__TASK__
Retype every line of the data below, starting with the first and ending with the line that contains "2013 Volkswagen JETTA", but leave out the pictures.

__Pictures with short captions__
------------------------------------------------

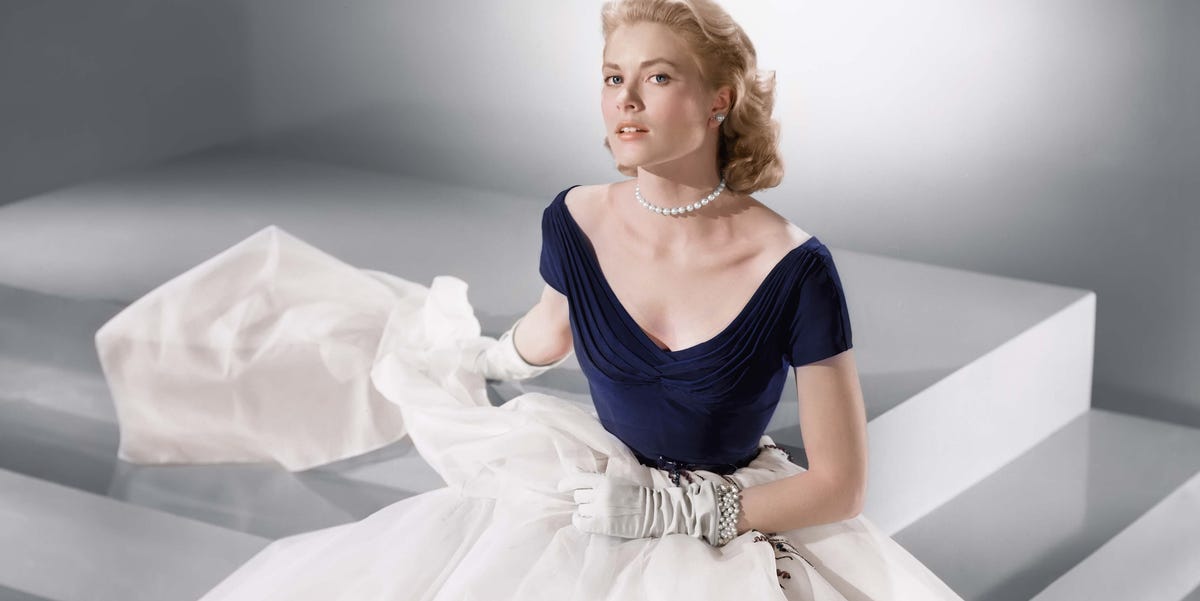 el diseño que favorece en todas las tallas, no pasa de moda y aman las royals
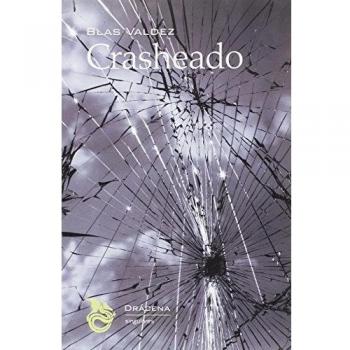 Crasheado (Tapa blanda).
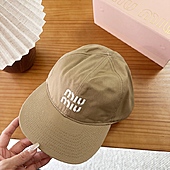 US$20.00 MIUMIU cap&Hats #785845
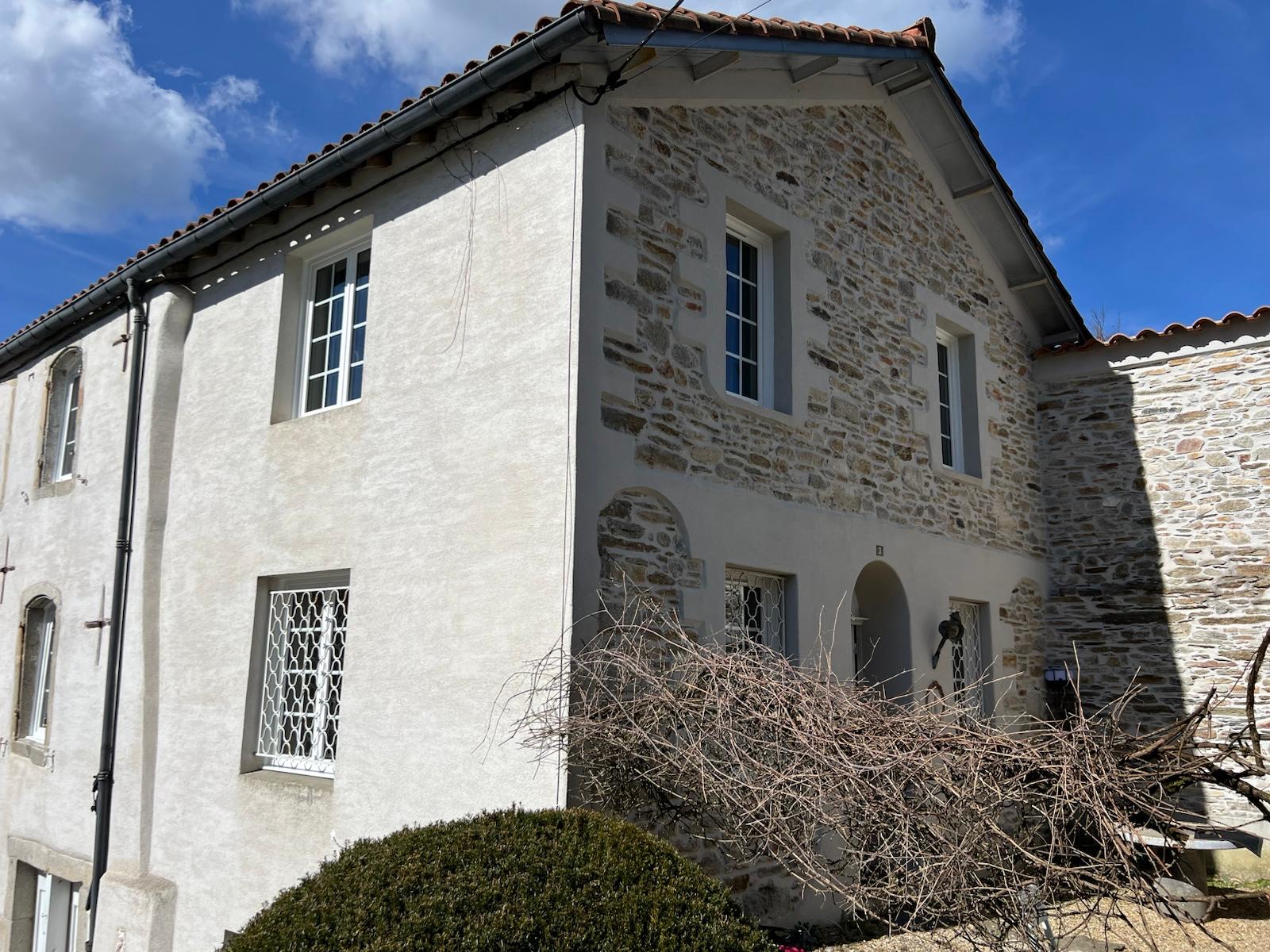 fenetres sur mesure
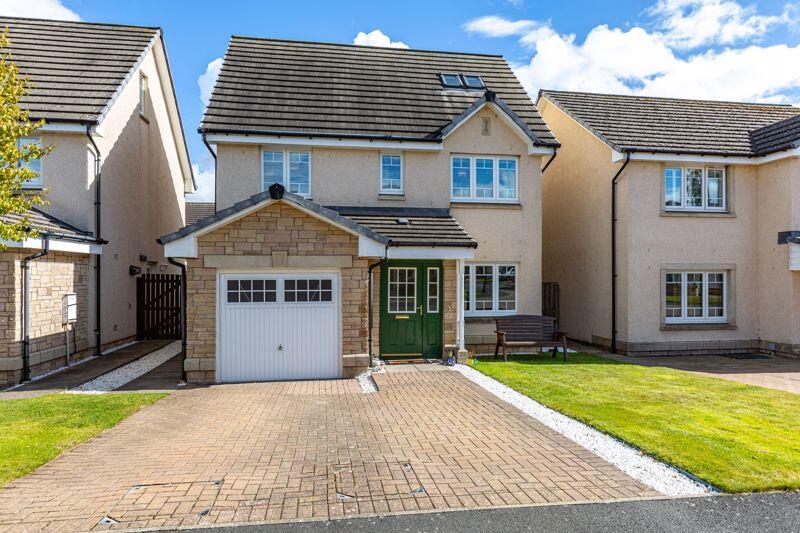 9 Cranston Road, Lauder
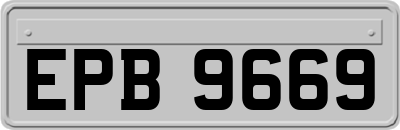 EPB9669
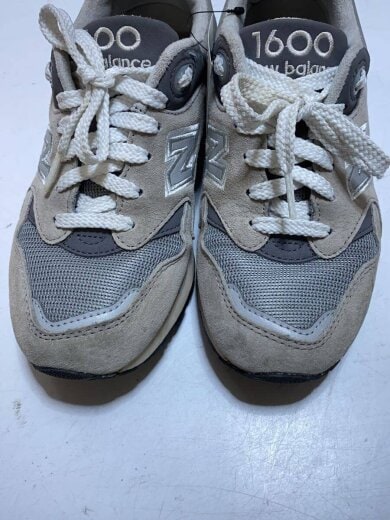 商品画像：ローカットスニーカー/23cm/GRY/cm1600em 7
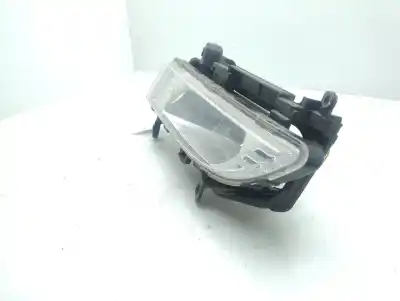 Автозапчасти б/у левая противотуманная фара за ssangyong kyron 200 xdi limited ссылки oem iam 8320109051  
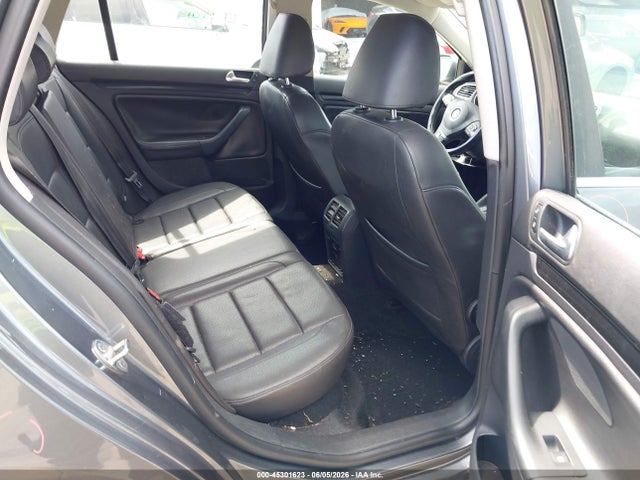 2013 Volkswagen JETTA SPORTWAGEN 2.0L TDI — фото 8
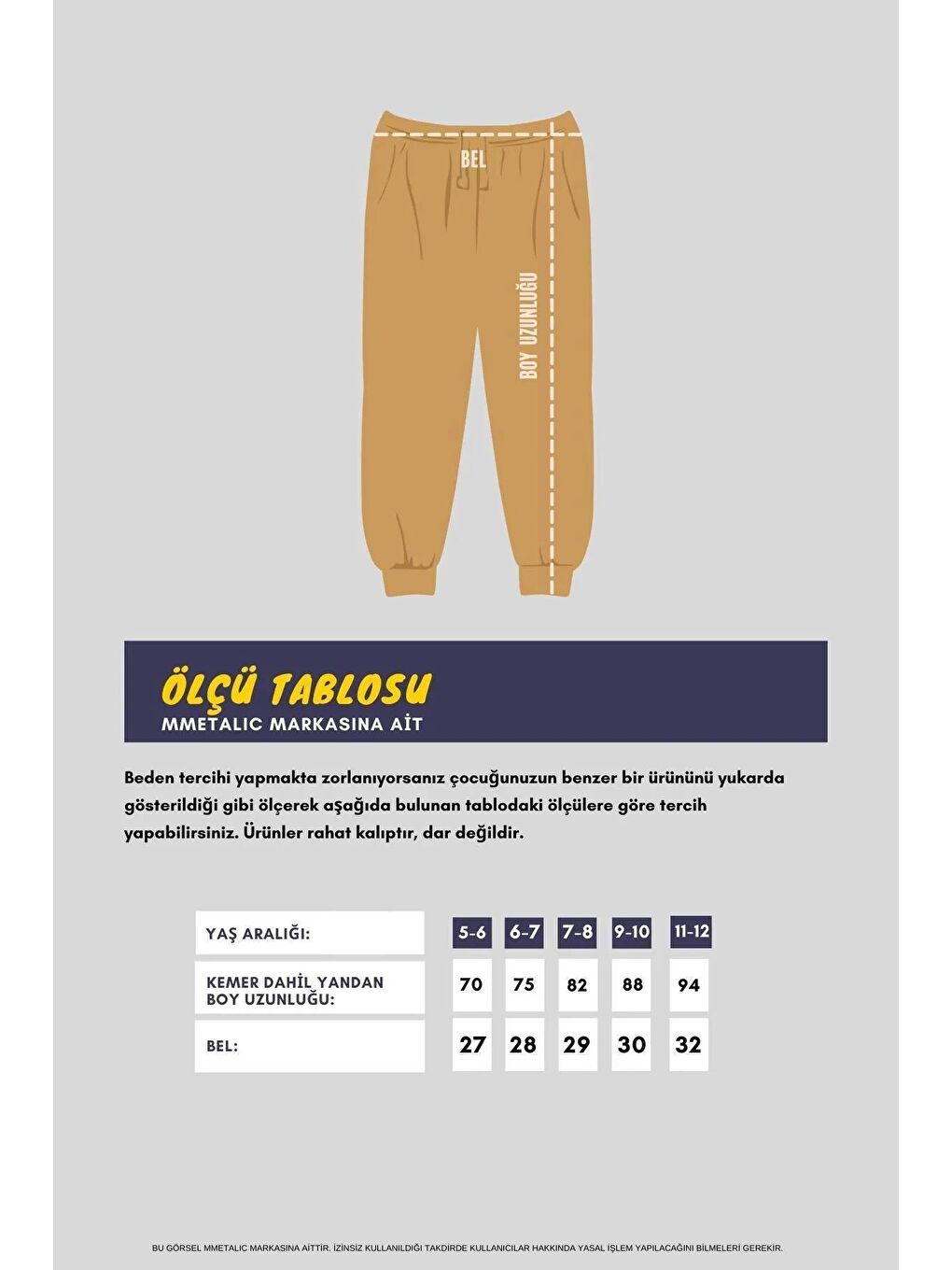 Siyah-Lacivert-Antrasit-Gri Kalın Pamuklu Beli ve Paçası Lastikli Cepli 4'lü Erkek Çocuk Eşofman Alt-7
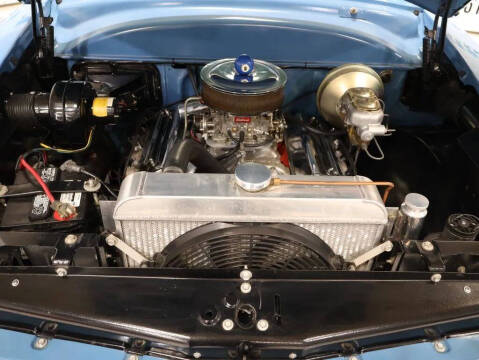 1954 Ford Customline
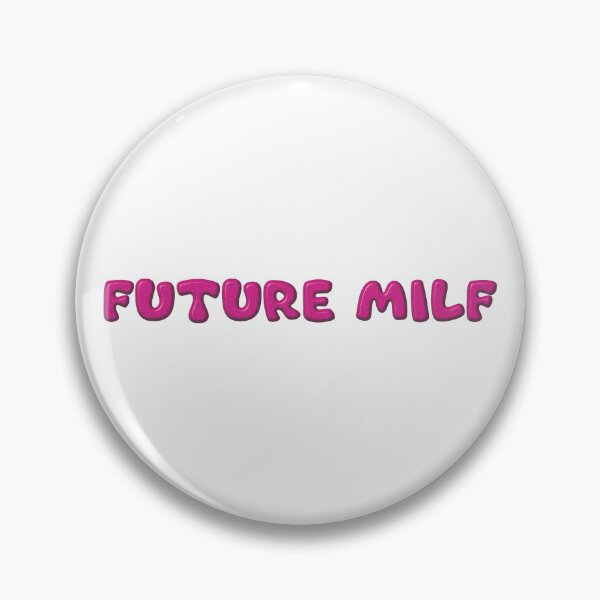 Item preview, Future Milf designed and sold by OnlyBestStuff.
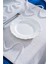 King Pasta Tabağı - 18 cm 3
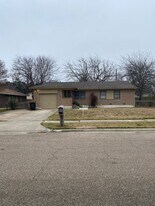 1313 Carrollton Ave in Killeen, TX - Building Photo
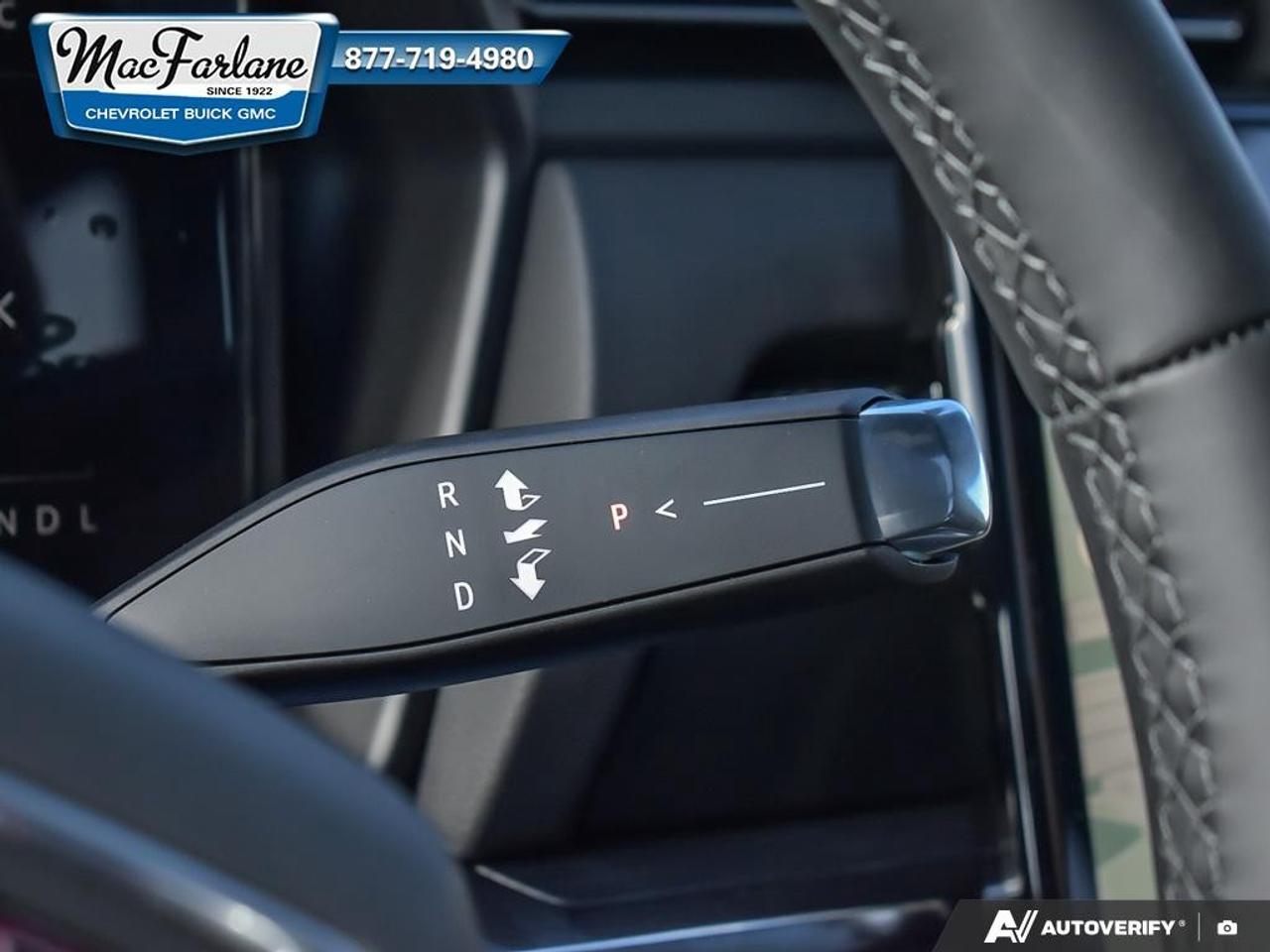 2026 GMC Terrain fwd elevation Photo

------------------------------------------------

__EXERCISE RESPONSE__
 el diseño que favorece en todas las tallas, no pasa de moda y aman las royals
 Crasheado (Tapa blanda).
 US$20.00 MIUMIU cap&Hats #785845
 fenetres sur mesure
 9 Cranston Road, Lauder
 EPB9669
 商品画像：ローカットスニーカー/23cm/GRY/cm1600em 7
 Автозапчасти б/у левая противотуманная фара за ssangyong kyron 200 xdi limited ссылки oem iam 8320109051  
 2013 Volkswagen JETTA SPORTWAGEN 2.0L TDI — фото 8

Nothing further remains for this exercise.